▶ [EXERCISE BRIEF]
Only the lines below between the ones containing "Zetor Super 50" and "Opferbiographie: Ernst Lossa, Foto als Kind", inclusive, are to be reproduced, each exactly as it stands.

[DATA TO EXAMINE Boundary: Start]

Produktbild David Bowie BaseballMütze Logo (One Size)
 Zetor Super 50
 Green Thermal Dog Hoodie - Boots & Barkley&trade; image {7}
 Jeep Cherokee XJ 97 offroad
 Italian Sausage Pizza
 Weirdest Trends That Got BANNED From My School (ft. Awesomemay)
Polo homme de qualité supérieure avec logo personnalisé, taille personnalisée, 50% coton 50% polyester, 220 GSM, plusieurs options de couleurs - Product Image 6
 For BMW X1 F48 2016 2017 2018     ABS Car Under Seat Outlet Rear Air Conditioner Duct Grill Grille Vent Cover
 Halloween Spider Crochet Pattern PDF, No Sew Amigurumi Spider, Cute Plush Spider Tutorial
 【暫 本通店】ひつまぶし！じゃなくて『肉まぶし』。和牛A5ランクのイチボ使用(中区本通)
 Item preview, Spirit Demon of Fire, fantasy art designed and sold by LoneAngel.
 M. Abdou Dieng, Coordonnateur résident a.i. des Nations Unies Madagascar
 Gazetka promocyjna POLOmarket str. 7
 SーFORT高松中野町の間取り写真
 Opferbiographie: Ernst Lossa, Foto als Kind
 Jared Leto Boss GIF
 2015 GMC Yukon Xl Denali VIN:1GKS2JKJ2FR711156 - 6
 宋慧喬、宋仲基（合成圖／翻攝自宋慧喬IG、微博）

[DATA TO EXAMINE Boundary: End]

▶ [ANSWER TO THE EXERCISE]
 Zetor Super 50
 Green Thermal Dog Hoodie - Boots & Barkley&trade; image {7}
 Jeep Cherokee XJ 97 offroad
 Italian Sausage Pizza
 Weirdest Trends That Got BANNED From My School (ft. Awesomemay)
Polo homme de qualité supérieure avec logo personnalisé, taille personnalisée, 50% coton 50% polyester, 220 GSM, plusieurs options de couleurs - Product Image 6
 For BMW X1 F48 2016 2017 2018     ABS Car Under Seat Outlet Rear Air Conditioner Duct Grill Grille Vent Cover
 Halloween Spider Crochet Pattern PDF, No Sew Amigurumi Spider, Cute Plush Spider Tutorial
 【暫 本通店】ひつまぶし！じゃなくて『肉まぶし』。和牛A5ランクのイチボ使用(中区本通)
 Item preview, Spirit Demon of Fire, fantasy art designed and sold by LoneAngel.
 M. Abdou Dieng, Coordonnateur résident a.i. des Nations Unies Madagascar
 Gazetka promocyjna POLOmarket str. 7
 SーFORT高松中野町の間取り写真
 Opferbiographie: Ernst Lossa, Foto als Kind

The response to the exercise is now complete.